Selon le directeur de cabinet du ministre des Transports (tutelle administrative du port autonome d’Abidjan), Dioman Coné, son administration a fait un point du tableau des diligences du décret qui comporte douze axes essentiels. « Nous sommes en train de mettre en œuvre les différents points du décret. Le premier axe est de dire qui est docker, qui peut avoir la carte de docker. Le deuxième élément est de réaliser une visite médicale spécifique pour le docker en raison de la pénibilité de son travail et des horaires de travail tardifs. Le troisième aspect est de savoir qui est docker permanent parce qu’il y avait eu un grand débat lorsque je présidais la commission qui a préparé le projet de décret. L’on se demandait qui peut être docker permanent et le décret règle aussi cette question », éclaire-t-il. Dioman Coné ajoute que la digitalisation reste un chantier majeur. « Aujourd’hui, les dockers disent qu’ils sont au nombre de 8 000. Quel est le mécanisme qui a permis de donner ce chiffre ? La digitalisation permet d’avoir des données fiables », rassure le collaborateur du ministre des Transports. Il déclare que désormais, l’organisme qui gère la main d’œuvre docker est contraint d’inscrire ceux-ci à la Caisse nationale de prévoyance sociale (Cnps) afin qu’ils bénéficient de la retraite.

Abordant la question du taux horaire, le directeur de cabinet déclare que les rémunérations sont discutées entre les dockers et leur patron. « Sur cette question, nous n’avons pas vraiment une emprise. Par contre, ce que nous pouvons leur dire, mettez dans vos accords d’établissement, un taux horaire consensuel », souligne-t-il. Il se veut rassurant quant à l’inscription dans les cahiers de charges, de clauses obligeant de prendre en compte l’aspect pénibilité.

Comme pour dire qu’il y a de l’espoir.


Laurette
Laurette



Laurette N’Dri épouse Alassane, seule femme docker exprime sa fierté


Elle avait rêvé de travailler au port, elle y est parvenue. Laurette Affoué N’Dri Alassane a débuté en 2012, en tant que conductrice de petits engins. « Quand j’ai commencé en 2012, je roulais les petits engins qui transportaient les colis de 2,5 tonnes, ensuite ceux de 5 et 7 tonnes. J’ai aussi roulé les engins de 28 tonnes. Mais aujourd’hui, je conduis les engins lourds, chariots élévateurs appelés challenger. Ils servent à décharger et à charger des navires. Je suis la seule femme conductrice de ces engins dans le terminal à conteneurs », indique avec fierté la jeune dame. Même si elle reconnaît que sa situation financière n’est pas rose, elle se réjouit toutefois d’exercer un métier qu’elle aime. « Je ne me plains pas, j’aime mon boulot et cela me réjouit. D’année en année, il y a une amélioration et cela est encourageant », affirme Laurette. Toutefois, elle appelle le gouvernement à se pencher sur le dossier des dockers afin d’améliorer significativement leur revenu.

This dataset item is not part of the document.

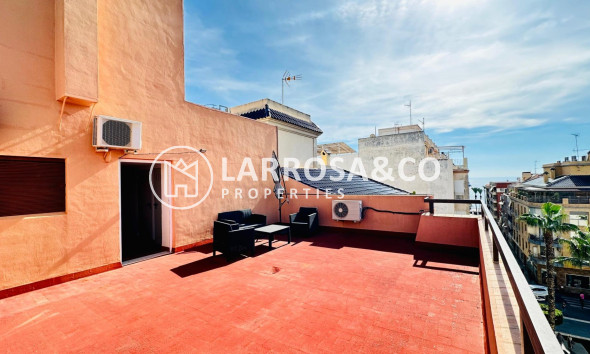 Вторичный рынок - Квартира - Торревьеха - Centro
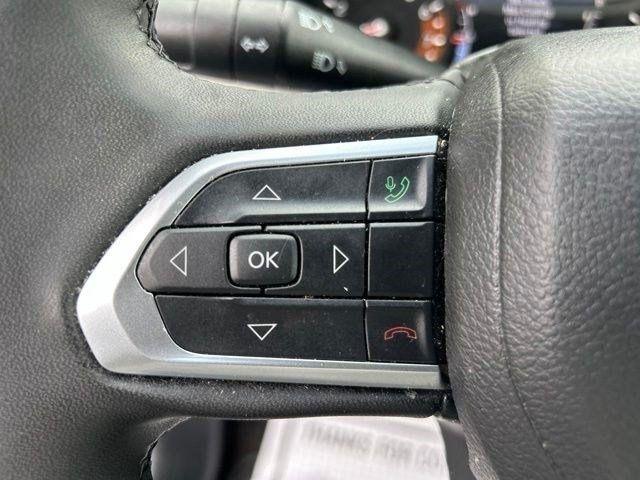 Jeep Compass Latitude 4WD 2023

La seule femme docker reconnaît que le travail de manutentionnaire est pénible. « Il faut s’asseoir pendant plusieurs heures sur des engins et réussir à décharger un navire. Souvent, ces engins ne sont pas climatisés ; ce qui n’est pas du tout facile. Certes, aujourd’hui, les conditions de travail s’améliorent, mais, le job de docker est éprouvant », confesse-t-elle. Comme pour expliquer pourquoi peu de femmes sont rares au port. « Les femmes sont courageuses, mais, le job de docker est pénible. Dans les années 1990, il y avait également une femme, selon l’information que j’ai reçue, mais actuellement, je suis la seule », avance cette femme mariée et mère de quatre enfants. Assurément ici, le débat sur la question du genre ne se pose pas, les candidates au métier de docker se faisant rares.